Have you ever played the game Taboo? The goal is to get your teammate to guess a hidden word by giving them clues, but there are certain words you mustn’t use in guiding them. So, if the mystery word is “lemon,” the words “tea” and “car” might be taboo – if you say either of those your turn ends.
Our society has started resembling a game of Taboo. I thought of this when I read about the recently reported scandal at Japan’s Tokyo Medical University. Entrance scores were rigged to penalize women so that they had to score much higher than men in order to get into the medical school. I’m not a fan of cheating, but I admit to feeling sympathy for those who are trying to run schools, businesses or organizations in the real world while hampered by high-sounding, unrealistic pronouncements unrelated to actual life and which are intended to signal virtue.
While we lived in Los Angeles, there was a period when newspapers were banned from stating that an apartment had a scenic view. The elite powers-that-be decided that this was a hidden form of discrimination against the handicapped, discouraging those who were blind from renting. Foolish as that sounds, the absurdities of anti-discrimination laws has only abounded.
The outcry at Tokyo Medical University’s manipulation of applicants’ data seems to be less at the dishonesty than at reviling the premise that led to the action. In apologizing for what the school did, managing director Tetsuo Yukioka, said, “I suspect that there was a lack of sensitivity to the rules of modern society, in which women should not be treated differently because of their gender.”
Similarly, we are constantly being told that government-mandated parental leave and day-care is needed so that women can pursue careers without being penalized for having children. Diversity is flung about as a conversation-ender. Once that word has been uttered words such a freedom, experience, competence or profit are taboo.
Discrimination is real. It is not automatically without basis. When we were emptying out our flooded storage room last week we discriminated against one of our granddaughters who wanted to help. This was both on account of her age and gender. We favored her older brothers because we thought they could do the work better and more quickly. Fortunately, she did not complain to the Equal Employment Opportunity Commission.
There is a very real fact that, on average, female doctors work fewer hours than male doctors. This is one of the reasons the Japanese medical school preferred the latter. Providing more maternity leave, legally mandating that jobs must be held for mothers when they want to return to work, raising taxes so that elderly parents have non-family care, instituting split shifts and other proposals aimed at making life easier for female physicians don’t change that original fact.
We accept that experience and time on the job make a difference for virtuoso violinists. If equal talent is a given, the musician who practices more is going to excel. If one violinist has a second passion for scuba diving and spends two months a year doing that, we do not insist that Carnegie Hall not be allowed to discriminate against his less developed violin skills. Why then is it wrong to ask if society is served more by a doctor who has seen 5,000 patients than 2,000?

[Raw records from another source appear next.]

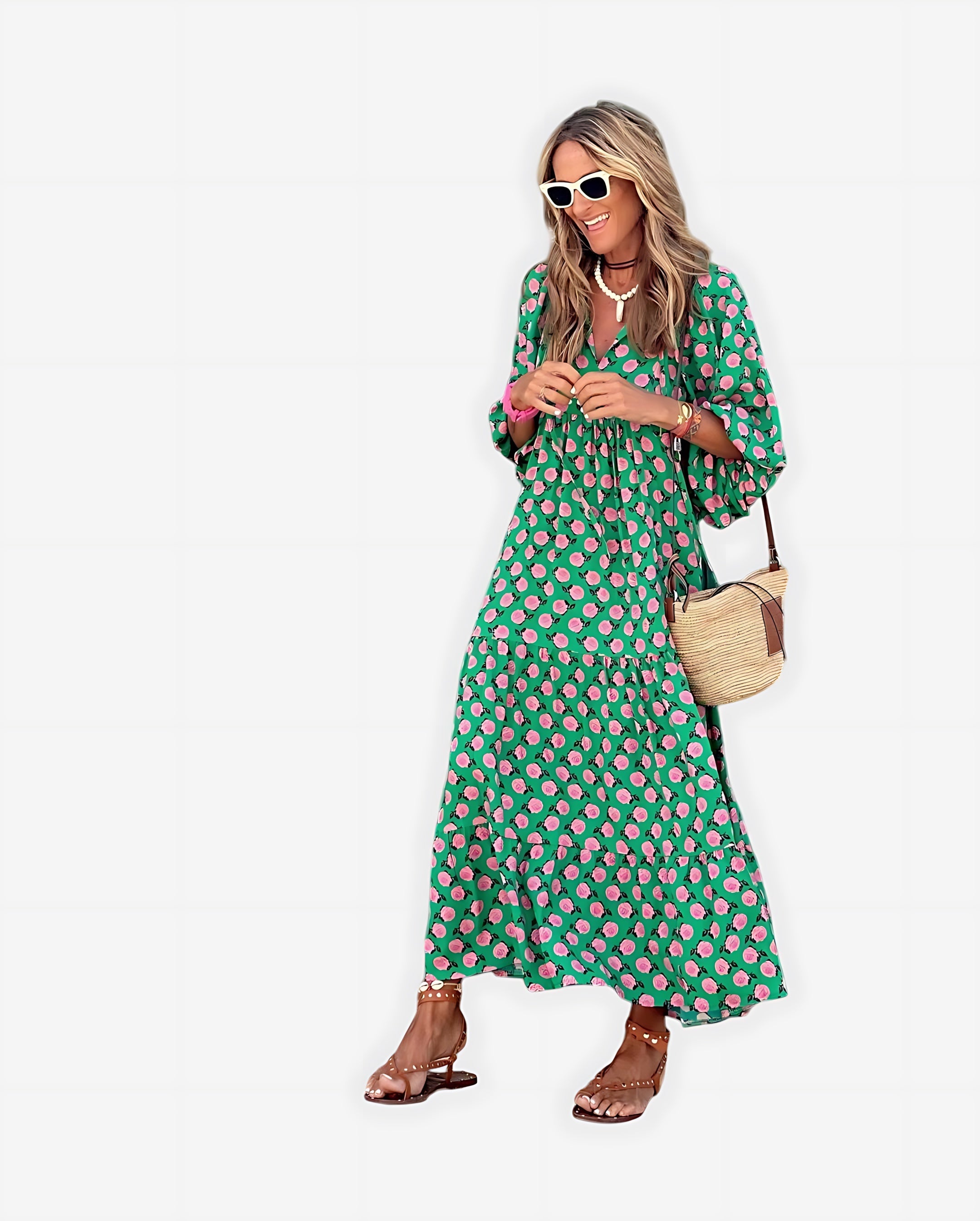 Abigail – Floral Print Oversized Boho Maxi Dress
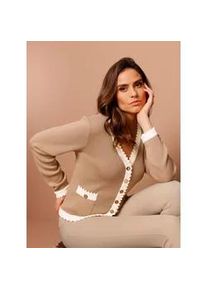 Strickpullover CREATION L PREMIUM "Merino-Pullover", Damen, Gr. 38, braun (camel, ecru), 100% Schurwolle, unifarben, Pullover Strickpullover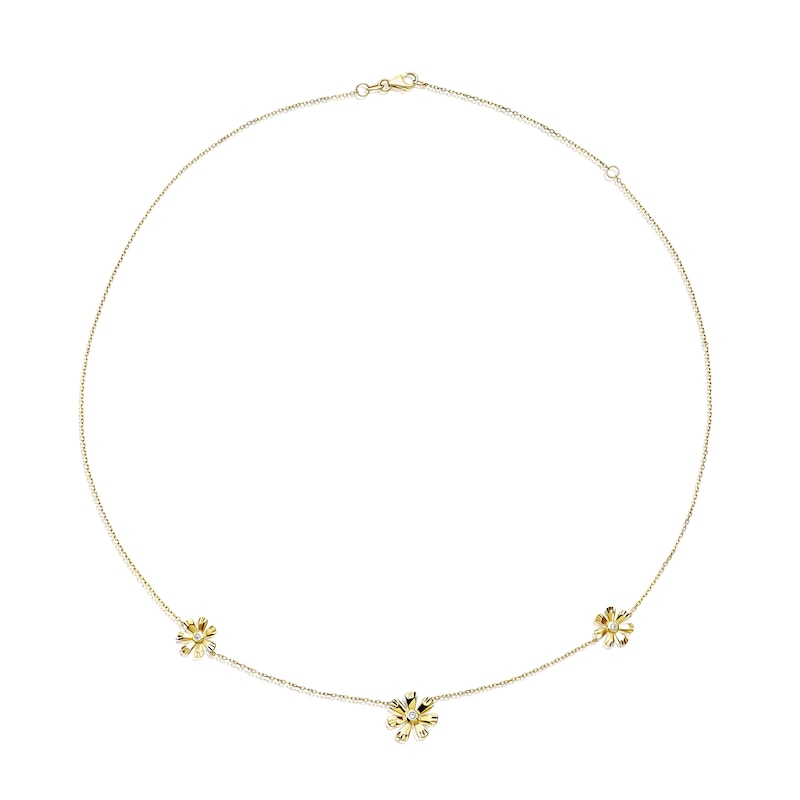 9ct Yellow Gold Cubic Zirconia Flower Station Necklace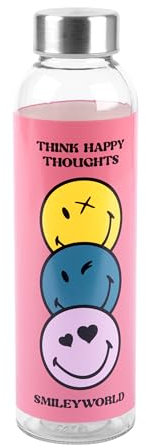 United Labels SmileyWorld Trinkflasche 500 ml, Pink, Smiley Flasche, Wasserflasche aus Glas, Glasflasche für Sport und Arbeit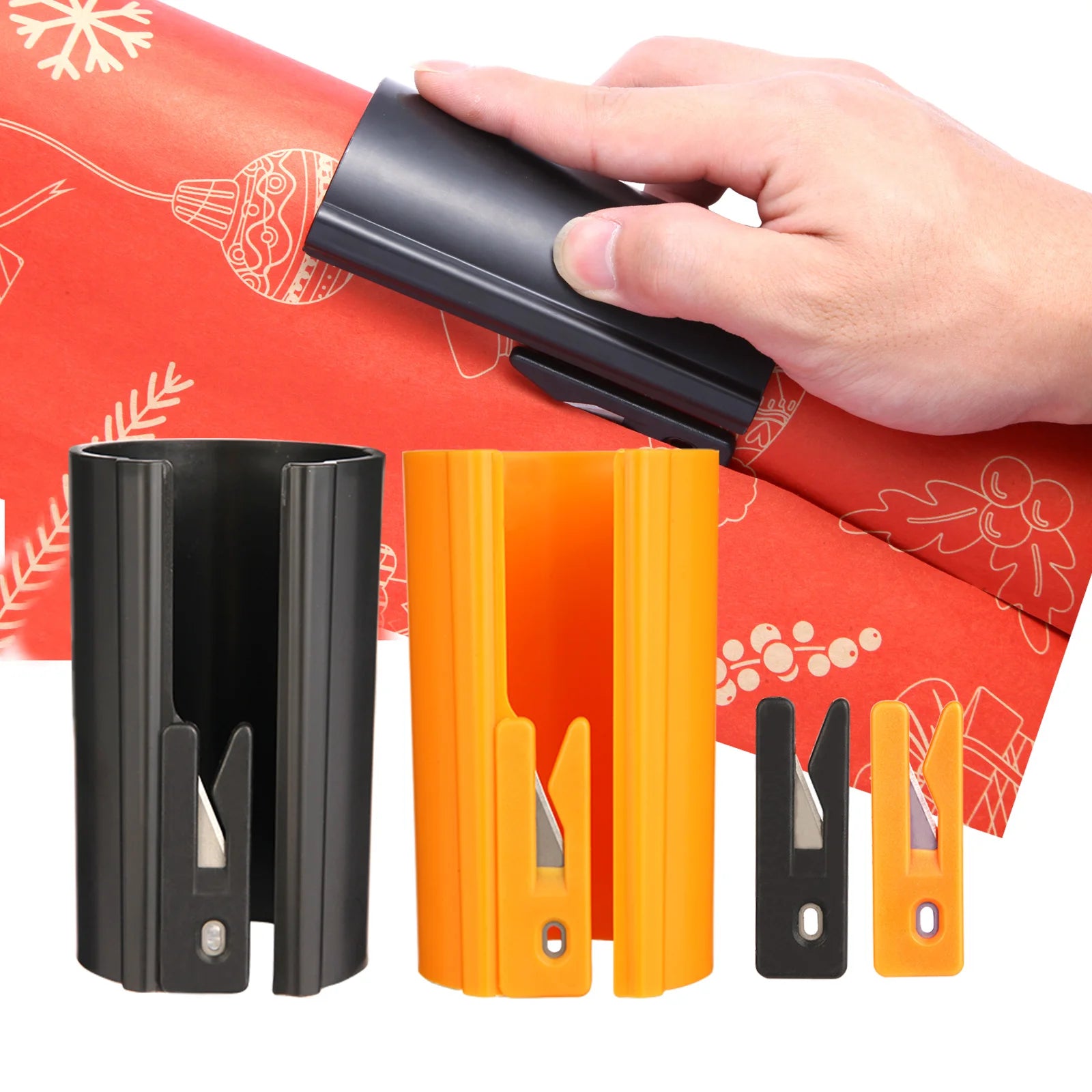 HORN Sliding Wrapping Paper Cutter - Easy-Glide Gift Wrap Trimmer for Christmas & Birthdays, Durable ABS，, Orange/Black - Smarsty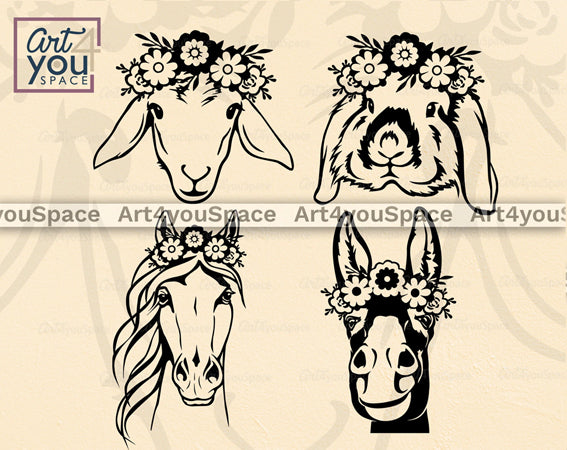 farm anmals with flowers on heads svg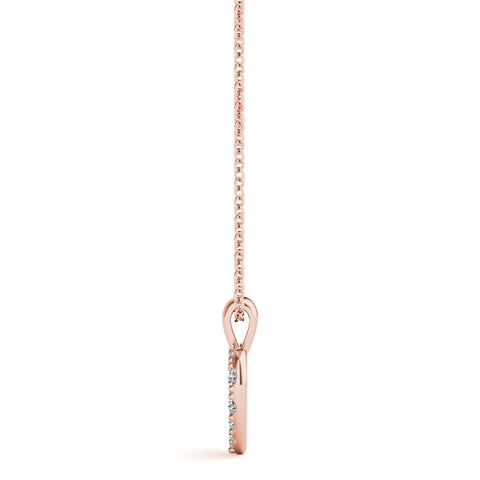 Rose gold Pavé Round Diamond Heart Pendant 2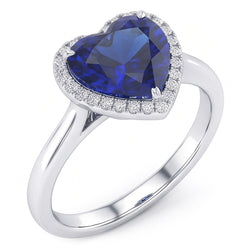 Natural Sapphire Ring 3.50ct - White Gold 14K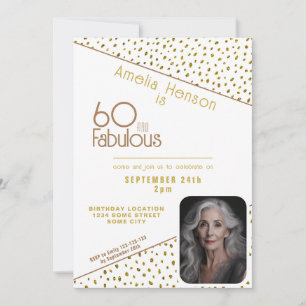 60 and Fabulous Gold Glitter Photo 60th Birthday Invitation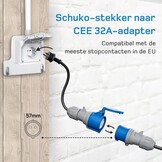 dé EV Oplader Type 2 7,4kW CEE [1-Fase| 10m| 6-32A] met Schuko-adapter, EV Lader CEE 7,4kW, met Digitale LCD-Bediening Compatibel met Model Y/3, 500e, e-208 en andere EV/PHEV - Maat 10m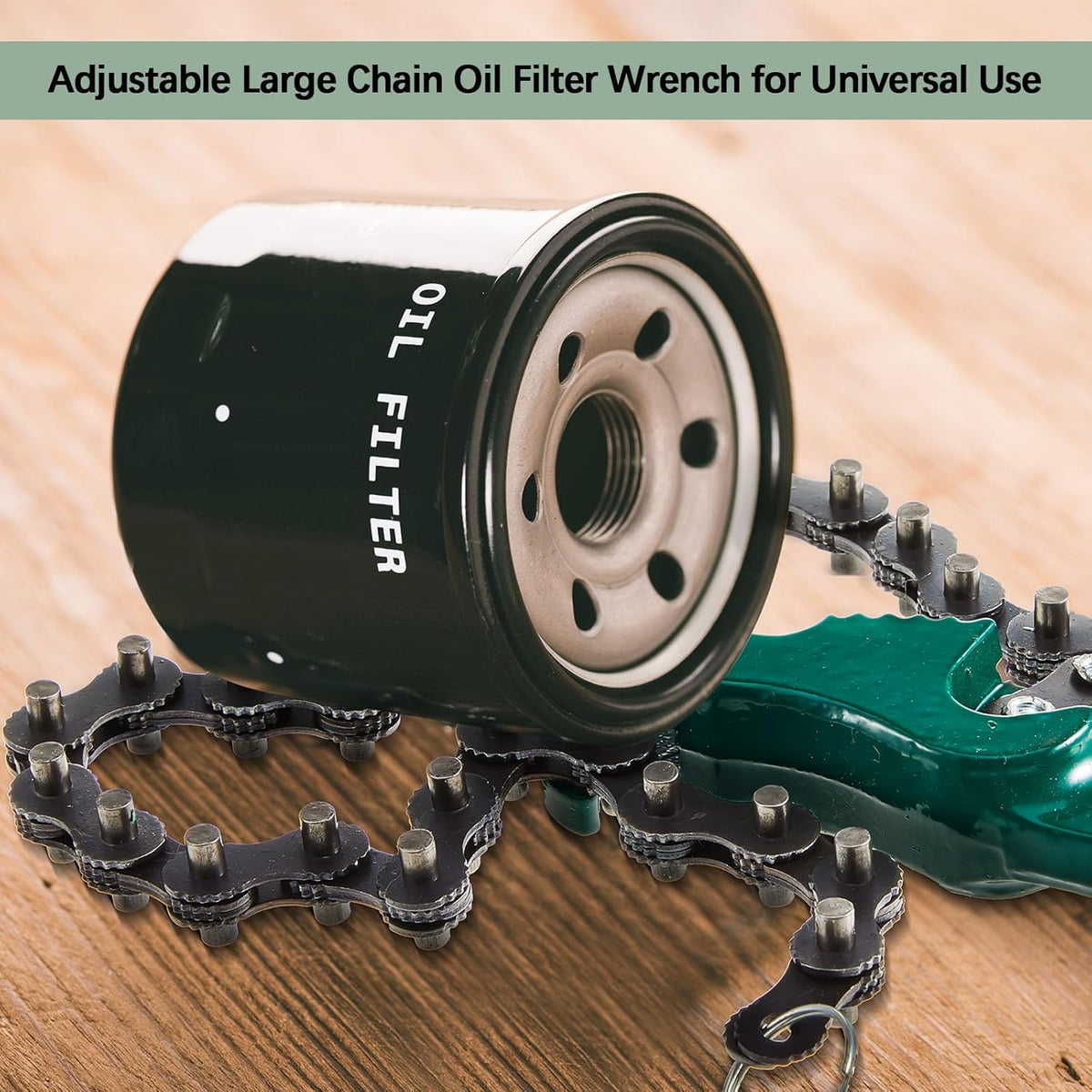 Lasnten 3 Pcs Large Reversible Chain Oil Filter Wrench with 12 16 9 Inch Chain Wrench Adjustable Heavy Duty Carbon Steel Sturdy Pipe Fitting Tool Spanner for Ratcheting Universal(Green)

In many fields, including medicine, more hours generally equate with greater competency and expertise. Author Malcolm Gladwell famously described how once a professional has reached 10,000 hours of experience, they become qualitatively more competent. Female doctors, as an aggregate, work fewer hours over the course of a lifetime. Changing that will mean forcing women to work even when they don’t choose to. Indeed, in some European countries with maternity policies that make American women drool, staying home with children beyond the mandated leave time is discouraged and made terribly difficult. Women are forced to go back to work against their will by the taxation that pays for these leaves and other policies.
We don’t want to move to a dystopian society that makes childbirth a restricted occupation. Nor do we want to prohibit people from choosing to spend time with family. Only draconian laws will force men and women to choose to allot equal time to those endeavors. Not allowing this to be discussed doesn’t change the facts.
Experience is not the only factor in choosing doctors, of course. Many patients, especially women, choose female doctors (discriminating against male doctors in the process) because they are more comfortable with a female or they equate women with more compassion. Individual doctors develop reputations which make patients want to see them. There are women doctors who excel at what they do and on a level playing field shine far above almost all their male counterparts.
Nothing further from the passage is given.